[PROVIDED DATA — start]

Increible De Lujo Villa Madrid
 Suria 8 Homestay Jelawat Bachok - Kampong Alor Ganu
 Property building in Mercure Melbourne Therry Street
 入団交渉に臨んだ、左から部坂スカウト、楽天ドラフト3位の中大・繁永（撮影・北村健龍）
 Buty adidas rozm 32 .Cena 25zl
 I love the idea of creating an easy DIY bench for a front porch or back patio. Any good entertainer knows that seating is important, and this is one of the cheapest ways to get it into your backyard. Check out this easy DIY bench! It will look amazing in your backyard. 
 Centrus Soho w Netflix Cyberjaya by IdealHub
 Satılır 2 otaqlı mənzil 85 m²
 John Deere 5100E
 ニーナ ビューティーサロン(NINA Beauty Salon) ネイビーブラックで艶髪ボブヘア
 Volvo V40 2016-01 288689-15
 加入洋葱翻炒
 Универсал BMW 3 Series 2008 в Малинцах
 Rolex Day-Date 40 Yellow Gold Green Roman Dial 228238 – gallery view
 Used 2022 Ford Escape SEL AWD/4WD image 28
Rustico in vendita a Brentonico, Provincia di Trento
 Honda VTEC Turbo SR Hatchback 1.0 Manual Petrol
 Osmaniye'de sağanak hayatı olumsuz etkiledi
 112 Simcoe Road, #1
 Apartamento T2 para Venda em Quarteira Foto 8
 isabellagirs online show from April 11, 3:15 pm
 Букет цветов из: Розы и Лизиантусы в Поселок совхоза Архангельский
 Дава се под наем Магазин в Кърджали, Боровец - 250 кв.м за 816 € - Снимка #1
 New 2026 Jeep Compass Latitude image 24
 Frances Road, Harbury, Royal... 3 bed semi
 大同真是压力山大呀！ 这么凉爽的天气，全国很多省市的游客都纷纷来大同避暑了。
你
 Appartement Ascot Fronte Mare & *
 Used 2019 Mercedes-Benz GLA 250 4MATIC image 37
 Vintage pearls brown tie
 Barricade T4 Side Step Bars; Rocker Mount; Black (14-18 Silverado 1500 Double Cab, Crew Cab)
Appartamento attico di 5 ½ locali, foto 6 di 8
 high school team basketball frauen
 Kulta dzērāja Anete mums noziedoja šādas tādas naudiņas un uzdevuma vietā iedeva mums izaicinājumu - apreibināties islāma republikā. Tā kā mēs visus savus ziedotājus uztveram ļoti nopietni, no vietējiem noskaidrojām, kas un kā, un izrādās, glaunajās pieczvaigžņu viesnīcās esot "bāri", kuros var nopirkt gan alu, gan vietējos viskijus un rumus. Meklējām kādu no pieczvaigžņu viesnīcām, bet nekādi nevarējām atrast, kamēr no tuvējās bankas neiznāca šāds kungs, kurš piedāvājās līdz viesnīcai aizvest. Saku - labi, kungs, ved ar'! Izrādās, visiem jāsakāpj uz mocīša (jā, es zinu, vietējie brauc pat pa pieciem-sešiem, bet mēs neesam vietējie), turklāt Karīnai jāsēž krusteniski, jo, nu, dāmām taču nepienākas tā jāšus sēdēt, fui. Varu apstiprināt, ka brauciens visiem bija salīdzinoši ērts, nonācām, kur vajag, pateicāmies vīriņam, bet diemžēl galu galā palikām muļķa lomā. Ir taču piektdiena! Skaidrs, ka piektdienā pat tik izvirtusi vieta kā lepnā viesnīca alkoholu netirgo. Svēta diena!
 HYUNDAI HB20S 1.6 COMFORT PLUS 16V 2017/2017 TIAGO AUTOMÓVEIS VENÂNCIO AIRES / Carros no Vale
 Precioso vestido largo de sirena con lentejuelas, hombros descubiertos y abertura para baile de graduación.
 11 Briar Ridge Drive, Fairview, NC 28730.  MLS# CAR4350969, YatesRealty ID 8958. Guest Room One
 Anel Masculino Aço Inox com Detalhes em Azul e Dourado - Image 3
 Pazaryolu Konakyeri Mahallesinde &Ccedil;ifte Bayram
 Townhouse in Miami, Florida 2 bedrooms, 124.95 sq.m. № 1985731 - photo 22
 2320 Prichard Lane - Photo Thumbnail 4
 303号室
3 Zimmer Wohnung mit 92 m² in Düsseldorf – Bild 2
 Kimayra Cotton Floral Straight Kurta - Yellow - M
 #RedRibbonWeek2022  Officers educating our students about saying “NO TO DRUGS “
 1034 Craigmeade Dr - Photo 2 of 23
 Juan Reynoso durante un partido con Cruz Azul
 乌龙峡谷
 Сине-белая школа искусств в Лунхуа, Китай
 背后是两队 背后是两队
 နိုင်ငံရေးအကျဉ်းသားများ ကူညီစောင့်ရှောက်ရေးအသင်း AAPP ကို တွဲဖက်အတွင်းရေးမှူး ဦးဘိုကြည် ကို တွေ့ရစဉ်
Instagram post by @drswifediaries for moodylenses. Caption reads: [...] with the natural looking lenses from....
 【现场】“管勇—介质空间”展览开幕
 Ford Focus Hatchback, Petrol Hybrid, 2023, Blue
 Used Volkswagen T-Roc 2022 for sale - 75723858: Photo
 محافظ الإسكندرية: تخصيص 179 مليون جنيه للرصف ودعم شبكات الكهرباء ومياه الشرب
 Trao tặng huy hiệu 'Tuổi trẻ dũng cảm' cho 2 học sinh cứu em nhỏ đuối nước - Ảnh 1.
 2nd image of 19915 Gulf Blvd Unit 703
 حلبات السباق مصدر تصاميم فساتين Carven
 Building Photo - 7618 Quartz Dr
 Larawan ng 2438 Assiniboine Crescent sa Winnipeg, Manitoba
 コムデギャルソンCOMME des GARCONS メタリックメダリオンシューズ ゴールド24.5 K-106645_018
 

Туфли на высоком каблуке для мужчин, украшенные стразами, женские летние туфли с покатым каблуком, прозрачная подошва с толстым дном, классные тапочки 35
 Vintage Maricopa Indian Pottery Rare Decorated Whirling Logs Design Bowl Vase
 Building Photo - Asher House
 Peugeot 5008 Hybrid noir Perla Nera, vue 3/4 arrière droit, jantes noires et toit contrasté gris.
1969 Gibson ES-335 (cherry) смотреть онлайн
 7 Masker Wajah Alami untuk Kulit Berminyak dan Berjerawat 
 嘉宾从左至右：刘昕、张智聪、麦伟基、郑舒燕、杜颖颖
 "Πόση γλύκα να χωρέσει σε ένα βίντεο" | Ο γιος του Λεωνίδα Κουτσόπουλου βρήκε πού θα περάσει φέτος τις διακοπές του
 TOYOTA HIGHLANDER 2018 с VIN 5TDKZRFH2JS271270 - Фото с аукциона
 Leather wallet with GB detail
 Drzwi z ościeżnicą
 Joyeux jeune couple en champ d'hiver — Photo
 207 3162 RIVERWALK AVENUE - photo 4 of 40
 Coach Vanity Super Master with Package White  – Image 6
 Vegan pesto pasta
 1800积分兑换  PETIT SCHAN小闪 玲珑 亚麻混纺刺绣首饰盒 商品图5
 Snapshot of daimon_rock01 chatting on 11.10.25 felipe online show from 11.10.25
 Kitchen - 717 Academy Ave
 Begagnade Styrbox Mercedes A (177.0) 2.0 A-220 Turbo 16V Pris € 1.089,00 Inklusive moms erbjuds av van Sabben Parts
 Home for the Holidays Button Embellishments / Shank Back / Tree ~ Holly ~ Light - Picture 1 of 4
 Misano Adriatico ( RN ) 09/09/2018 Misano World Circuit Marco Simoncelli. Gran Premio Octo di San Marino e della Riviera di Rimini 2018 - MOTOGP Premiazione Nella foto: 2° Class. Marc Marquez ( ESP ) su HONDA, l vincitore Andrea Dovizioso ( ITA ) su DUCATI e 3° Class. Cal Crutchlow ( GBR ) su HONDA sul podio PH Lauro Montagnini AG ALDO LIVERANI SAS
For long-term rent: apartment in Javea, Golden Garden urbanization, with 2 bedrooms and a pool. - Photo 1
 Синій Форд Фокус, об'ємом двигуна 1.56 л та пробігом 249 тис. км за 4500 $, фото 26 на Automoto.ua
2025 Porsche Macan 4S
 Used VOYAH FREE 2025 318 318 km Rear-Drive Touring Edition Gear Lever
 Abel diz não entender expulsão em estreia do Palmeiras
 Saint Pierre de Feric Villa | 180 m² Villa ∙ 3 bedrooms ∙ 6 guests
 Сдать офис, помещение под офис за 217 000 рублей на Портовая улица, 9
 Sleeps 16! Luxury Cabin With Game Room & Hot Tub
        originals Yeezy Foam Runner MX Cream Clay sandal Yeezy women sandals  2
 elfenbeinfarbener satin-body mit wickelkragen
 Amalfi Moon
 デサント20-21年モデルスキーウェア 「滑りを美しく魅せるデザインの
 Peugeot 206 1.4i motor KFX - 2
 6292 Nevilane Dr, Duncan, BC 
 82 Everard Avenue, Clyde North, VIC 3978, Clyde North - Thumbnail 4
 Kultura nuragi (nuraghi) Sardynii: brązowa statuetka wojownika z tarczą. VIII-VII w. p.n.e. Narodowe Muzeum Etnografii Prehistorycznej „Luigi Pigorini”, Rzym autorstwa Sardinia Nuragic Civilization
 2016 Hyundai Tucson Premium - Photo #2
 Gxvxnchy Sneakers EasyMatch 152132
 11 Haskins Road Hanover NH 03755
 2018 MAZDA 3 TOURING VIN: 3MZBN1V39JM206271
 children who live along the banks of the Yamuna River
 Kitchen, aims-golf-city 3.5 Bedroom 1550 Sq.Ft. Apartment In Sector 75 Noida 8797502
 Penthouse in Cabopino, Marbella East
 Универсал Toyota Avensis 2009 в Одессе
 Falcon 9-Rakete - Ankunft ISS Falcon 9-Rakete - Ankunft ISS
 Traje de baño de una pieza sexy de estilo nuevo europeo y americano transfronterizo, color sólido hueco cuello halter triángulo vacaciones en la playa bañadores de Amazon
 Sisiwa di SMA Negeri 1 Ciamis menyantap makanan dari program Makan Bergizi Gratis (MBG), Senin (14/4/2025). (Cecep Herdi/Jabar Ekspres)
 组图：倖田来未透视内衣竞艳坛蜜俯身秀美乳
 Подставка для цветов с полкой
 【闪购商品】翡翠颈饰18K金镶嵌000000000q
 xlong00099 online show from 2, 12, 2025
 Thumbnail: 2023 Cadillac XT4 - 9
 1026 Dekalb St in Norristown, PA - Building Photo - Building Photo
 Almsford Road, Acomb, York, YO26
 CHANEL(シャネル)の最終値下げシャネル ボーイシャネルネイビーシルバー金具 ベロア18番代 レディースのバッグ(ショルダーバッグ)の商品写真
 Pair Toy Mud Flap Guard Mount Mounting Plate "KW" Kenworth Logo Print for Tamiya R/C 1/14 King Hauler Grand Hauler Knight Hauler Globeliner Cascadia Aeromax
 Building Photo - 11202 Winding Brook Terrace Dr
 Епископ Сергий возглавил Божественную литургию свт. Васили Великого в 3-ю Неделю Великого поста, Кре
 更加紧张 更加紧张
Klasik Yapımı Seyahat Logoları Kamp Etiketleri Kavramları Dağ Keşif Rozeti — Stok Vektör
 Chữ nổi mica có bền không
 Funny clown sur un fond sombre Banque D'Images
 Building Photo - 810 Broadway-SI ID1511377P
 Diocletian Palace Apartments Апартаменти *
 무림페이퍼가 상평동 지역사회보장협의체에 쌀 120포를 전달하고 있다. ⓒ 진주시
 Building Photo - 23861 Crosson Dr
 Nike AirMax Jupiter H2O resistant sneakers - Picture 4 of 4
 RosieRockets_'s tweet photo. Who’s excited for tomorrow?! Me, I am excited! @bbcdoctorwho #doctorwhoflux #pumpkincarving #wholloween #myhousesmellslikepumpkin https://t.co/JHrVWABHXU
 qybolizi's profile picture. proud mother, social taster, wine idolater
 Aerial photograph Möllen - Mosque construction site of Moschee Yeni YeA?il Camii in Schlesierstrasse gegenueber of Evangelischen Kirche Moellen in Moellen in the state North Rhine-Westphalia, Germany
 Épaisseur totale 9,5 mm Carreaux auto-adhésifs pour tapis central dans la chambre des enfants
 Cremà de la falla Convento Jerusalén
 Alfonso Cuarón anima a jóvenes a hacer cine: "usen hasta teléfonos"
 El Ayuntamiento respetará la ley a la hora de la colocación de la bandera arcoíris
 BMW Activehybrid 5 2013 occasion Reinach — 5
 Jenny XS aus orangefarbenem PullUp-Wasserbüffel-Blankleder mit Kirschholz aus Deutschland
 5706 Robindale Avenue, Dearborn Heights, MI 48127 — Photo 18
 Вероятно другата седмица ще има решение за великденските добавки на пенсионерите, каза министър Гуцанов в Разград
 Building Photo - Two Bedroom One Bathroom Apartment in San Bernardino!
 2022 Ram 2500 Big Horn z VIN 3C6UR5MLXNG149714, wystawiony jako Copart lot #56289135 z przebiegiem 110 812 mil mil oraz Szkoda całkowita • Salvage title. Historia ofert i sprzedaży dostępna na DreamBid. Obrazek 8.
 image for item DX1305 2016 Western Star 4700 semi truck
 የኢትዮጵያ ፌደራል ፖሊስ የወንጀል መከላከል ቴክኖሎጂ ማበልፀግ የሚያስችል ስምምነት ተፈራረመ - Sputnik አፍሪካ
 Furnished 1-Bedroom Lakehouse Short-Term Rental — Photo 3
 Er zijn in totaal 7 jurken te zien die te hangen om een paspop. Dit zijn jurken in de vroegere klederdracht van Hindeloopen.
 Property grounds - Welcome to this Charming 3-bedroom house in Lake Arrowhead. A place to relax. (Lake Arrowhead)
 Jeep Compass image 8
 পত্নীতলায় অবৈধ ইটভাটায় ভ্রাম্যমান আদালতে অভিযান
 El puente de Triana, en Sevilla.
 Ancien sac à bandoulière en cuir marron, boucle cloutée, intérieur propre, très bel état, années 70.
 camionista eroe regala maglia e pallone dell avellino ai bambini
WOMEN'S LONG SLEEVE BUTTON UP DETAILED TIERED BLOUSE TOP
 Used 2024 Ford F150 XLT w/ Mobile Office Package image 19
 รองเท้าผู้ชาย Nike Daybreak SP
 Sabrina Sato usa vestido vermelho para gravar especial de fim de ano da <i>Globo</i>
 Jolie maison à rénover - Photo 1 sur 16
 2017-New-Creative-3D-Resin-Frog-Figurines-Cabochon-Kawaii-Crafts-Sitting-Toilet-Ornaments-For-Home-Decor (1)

[PROVIDED DATA — finish]

## EXERCISE PROMPT
After locating the line with "Osmaniye'de sağanak hayatı olumsuz etkiledi" above, return that line and every later line through the one with "Букет цветов из: Розы", word for word and with nothing else.

## EXERCISE RESULT
 Osmaniye'de sağanak hayatı olumsuz etkiledi
 112 Simcoe Road, #1
 Apartamento T2 para Venda em Quarteira Foto 8
 isabellagirs online show from April 11, 3:15 pm
 Букет цветов из: Розы и Лизиантусы в Поселок совхоза Архангельский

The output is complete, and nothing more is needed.